2. Oil Pressure Warning Light

To keep metal moving parts properly lubricated, your engine has a complex oiling system. It depends on maintaining a recommended oil pressure to accomplish this vital task. When there is engine sludge, the oil is dirty or contaminated, or if an oil pump or filter is damaged, it can cause oil pressure problems. If oil pressure falls below the threshold, it will trigger the light.

What to do if it happens: Anytime this warning light comes on, it should be taken very seriously. Like when the engine temperature warning light illuminates, you should pull over to a safe location and turn the car off as soon as possible. Call a tow truck and have the vehicle towed to your home for a further mechanical inspection by a professional.

3. Battery Charging Warning Light

This one is not as serious as overheating or low oil pressure but should be resolved as soon as possible.
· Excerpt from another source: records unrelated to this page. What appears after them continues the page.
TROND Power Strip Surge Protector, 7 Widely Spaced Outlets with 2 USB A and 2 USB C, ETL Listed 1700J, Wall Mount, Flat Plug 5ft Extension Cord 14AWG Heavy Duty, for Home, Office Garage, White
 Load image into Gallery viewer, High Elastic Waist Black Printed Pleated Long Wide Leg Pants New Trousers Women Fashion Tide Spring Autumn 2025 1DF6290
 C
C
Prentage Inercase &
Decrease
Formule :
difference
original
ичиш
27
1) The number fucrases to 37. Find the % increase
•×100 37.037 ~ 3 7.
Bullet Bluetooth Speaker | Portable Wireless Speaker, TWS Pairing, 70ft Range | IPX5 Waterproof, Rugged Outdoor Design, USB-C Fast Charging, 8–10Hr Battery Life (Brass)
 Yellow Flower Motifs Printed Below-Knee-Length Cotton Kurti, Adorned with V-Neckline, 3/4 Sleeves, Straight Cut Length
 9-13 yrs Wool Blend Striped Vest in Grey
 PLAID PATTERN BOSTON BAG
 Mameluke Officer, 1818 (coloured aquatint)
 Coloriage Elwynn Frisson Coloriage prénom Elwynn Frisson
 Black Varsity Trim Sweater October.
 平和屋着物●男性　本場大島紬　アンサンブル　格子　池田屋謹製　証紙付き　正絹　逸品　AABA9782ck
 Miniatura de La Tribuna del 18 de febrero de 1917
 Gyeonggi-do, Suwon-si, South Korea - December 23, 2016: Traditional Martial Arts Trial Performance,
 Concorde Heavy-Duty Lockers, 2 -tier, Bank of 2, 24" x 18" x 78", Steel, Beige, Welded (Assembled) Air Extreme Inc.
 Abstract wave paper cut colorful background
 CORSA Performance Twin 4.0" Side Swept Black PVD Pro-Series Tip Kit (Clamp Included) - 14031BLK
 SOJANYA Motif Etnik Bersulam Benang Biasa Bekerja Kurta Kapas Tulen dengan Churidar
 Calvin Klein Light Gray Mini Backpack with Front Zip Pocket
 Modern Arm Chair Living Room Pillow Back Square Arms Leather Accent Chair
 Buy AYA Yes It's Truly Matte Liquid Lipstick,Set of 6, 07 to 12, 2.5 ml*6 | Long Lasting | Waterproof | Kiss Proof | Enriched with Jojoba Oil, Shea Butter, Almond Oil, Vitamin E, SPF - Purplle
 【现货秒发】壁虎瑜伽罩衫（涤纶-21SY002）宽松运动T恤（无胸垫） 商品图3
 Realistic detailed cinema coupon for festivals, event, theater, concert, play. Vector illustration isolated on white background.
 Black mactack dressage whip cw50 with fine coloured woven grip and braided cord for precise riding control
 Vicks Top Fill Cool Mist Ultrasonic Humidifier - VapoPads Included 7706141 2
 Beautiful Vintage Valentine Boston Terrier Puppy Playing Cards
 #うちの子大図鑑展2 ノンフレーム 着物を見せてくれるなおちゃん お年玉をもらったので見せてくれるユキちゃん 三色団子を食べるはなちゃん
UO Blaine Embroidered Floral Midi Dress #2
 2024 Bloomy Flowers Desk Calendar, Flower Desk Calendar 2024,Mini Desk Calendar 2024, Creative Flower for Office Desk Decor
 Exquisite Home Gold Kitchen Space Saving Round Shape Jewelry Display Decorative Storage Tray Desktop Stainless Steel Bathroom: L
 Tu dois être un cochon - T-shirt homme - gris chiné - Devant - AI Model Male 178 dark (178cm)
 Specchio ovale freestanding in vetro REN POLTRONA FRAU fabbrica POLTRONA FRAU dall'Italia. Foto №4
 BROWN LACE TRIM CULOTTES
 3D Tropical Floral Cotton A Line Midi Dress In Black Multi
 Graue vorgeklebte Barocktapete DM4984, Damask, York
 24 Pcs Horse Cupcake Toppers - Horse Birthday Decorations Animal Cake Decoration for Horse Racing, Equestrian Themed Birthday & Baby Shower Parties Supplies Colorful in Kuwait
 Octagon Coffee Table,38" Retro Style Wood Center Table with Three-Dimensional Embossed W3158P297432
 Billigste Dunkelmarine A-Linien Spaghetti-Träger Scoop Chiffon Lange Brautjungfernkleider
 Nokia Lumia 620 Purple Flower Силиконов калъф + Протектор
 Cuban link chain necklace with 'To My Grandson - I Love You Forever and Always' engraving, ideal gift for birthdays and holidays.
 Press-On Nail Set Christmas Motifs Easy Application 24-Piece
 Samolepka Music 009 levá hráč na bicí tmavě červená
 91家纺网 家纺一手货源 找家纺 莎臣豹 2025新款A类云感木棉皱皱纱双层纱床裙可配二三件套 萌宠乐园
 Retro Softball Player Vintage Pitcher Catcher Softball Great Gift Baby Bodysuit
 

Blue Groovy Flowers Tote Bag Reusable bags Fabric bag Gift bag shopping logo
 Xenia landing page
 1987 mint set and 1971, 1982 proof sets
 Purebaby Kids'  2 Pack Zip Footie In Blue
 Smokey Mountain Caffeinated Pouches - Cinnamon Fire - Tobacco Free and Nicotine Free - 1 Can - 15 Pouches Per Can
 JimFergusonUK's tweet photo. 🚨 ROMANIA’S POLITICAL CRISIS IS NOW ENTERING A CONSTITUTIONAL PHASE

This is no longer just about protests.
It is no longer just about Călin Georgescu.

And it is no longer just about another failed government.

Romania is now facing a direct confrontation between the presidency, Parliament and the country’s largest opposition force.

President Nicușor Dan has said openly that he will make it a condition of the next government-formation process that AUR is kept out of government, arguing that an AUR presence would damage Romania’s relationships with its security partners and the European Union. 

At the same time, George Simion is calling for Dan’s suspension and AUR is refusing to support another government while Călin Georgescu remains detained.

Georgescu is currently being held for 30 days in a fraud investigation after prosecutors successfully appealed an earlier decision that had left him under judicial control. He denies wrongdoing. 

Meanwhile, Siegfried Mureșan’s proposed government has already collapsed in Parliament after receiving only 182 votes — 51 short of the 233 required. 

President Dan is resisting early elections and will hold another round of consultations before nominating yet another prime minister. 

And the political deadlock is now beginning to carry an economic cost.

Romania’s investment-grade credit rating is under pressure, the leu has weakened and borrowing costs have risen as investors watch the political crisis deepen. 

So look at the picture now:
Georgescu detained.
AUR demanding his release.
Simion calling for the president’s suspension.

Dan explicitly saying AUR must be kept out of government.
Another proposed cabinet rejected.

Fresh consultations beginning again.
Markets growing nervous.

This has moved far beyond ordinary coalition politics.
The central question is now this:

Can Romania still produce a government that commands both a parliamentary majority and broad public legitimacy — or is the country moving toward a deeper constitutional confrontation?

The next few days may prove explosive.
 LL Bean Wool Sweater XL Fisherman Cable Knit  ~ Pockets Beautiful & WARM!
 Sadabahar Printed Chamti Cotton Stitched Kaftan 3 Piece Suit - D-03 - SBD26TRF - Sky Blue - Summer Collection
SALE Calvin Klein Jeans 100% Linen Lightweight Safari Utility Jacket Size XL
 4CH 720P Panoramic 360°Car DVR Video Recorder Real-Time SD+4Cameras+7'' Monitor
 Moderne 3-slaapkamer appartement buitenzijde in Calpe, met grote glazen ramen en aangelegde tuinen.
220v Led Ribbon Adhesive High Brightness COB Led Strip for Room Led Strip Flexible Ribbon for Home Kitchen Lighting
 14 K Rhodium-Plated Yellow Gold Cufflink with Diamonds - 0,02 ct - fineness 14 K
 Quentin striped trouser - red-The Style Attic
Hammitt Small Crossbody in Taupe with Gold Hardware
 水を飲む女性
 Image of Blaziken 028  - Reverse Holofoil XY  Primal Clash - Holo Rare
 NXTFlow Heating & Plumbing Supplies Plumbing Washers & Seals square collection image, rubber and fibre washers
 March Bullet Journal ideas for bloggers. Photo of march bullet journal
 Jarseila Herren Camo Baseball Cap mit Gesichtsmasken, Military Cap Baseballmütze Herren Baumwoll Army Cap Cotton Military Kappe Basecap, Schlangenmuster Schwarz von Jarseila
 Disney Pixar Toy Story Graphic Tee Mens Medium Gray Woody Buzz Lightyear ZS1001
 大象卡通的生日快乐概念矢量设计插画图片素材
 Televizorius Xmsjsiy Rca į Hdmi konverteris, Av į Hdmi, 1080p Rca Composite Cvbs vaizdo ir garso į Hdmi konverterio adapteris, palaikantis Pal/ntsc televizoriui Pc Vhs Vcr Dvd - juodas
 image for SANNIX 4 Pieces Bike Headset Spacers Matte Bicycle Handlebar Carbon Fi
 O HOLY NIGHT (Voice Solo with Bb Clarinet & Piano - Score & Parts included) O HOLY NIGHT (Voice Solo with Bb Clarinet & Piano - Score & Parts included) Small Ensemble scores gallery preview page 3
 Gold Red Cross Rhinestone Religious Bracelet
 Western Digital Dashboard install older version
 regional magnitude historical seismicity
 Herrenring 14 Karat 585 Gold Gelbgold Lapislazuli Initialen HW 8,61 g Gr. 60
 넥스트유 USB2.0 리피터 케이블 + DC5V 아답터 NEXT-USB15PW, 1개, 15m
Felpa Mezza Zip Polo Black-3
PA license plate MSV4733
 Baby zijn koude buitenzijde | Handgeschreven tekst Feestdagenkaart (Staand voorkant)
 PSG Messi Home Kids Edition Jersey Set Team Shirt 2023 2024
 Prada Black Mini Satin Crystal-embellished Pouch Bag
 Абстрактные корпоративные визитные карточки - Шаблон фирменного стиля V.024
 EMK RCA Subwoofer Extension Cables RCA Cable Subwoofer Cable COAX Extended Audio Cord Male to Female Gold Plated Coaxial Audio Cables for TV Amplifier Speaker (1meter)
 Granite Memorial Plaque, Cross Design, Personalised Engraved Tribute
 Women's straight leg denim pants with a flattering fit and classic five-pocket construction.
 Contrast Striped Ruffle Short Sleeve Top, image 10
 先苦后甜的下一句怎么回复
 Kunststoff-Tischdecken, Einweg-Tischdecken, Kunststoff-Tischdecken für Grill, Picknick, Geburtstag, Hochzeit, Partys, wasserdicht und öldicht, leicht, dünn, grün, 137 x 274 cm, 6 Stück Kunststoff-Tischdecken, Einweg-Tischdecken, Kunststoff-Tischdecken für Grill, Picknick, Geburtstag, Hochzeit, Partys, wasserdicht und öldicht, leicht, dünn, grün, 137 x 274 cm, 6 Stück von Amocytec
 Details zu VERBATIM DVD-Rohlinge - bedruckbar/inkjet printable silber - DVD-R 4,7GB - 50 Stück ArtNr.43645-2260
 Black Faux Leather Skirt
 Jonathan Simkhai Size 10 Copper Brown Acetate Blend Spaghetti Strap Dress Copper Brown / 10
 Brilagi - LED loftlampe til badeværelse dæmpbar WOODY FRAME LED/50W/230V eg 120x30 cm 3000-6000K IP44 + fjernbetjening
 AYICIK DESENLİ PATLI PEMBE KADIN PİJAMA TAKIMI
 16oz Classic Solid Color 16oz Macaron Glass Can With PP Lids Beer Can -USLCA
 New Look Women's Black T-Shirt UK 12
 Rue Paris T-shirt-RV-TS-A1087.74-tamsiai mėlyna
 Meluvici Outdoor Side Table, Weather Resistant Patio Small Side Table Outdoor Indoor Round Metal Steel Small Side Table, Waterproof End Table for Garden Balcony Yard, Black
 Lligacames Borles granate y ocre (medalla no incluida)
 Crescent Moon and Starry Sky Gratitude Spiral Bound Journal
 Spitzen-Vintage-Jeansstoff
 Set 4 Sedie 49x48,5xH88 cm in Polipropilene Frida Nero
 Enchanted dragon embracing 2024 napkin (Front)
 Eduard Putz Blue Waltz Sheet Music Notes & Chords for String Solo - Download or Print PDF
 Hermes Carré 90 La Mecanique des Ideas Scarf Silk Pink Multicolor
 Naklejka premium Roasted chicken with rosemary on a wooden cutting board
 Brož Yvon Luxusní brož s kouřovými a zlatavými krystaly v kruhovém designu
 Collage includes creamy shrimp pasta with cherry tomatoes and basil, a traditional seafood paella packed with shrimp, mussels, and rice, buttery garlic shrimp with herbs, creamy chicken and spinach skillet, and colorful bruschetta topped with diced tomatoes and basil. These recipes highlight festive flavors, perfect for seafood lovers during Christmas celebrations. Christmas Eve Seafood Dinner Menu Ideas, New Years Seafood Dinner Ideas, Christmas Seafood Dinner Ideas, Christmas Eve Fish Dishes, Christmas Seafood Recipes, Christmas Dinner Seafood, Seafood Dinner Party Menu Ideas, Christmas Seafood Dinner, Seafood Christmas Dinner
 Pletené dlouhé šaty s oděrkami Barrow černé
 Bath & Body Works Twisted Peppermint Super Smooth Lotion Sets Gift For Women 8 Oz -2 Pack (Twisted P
The battery charge warning light indicates that your car battery is running low on cranking amps or volts. Amps are required to start the car, while volts power headlights, radios, and other accessories when the car is not started. Here is the “yeah but” section: this warning light can also indicate a fault with the charging system, such as a dead alternator or damaged charging wires.

What to do if it happens: When this light comes on, you should drive home without shutting the vehicle off. If the battery is low, it’s likely that your car won’t start again until it’s resolved. Once home, contact a professional mechanic to complete a warning light inspection, which will permit them to isolate the root issue.

4. Brake Warning Light

According to most professional mechanics, this is one of those warning lights that can be 100% avoided. In most situations, when the brake warning light is illuminated, it means the parking brake has been left on. Try verifying that the parking brake is in good shape first to see if it goes away. If it does not, it is possible that you are running low on brake fluid or there is a mechanical issue with the brakes. While replacing brake pads, rotors and calipers as recommended can significantly reduce this issue, it is something that should be taken seriously if it illuminates on the dash.

What to do if it happens: When the brake light is on, check your parking brake first – 80% of the time this will resolve the issue. If it does not, contact a professional mechanic and have them complete a brake warning light inspection before driving further.

5. Check Engine Light

The check engine light has the most possible sources. This will illuminate when the vehicle’s ECU detects a mechanical or electrical fault as picked up by one of the sensors that monitors your engine, transmission and safety systems. It could be as simple as a faulty sensor or a serious problem with internal engine components.

What do to if it happens: Anytime the check engine light is triggered, you should take it seriously. Contact a professional mechanic and have them complete a check engine light inspection, so they can determine why this light is on, and what repairs are needed to fix it. You should not drive the vehicle until this issue has been resolved if at all possible.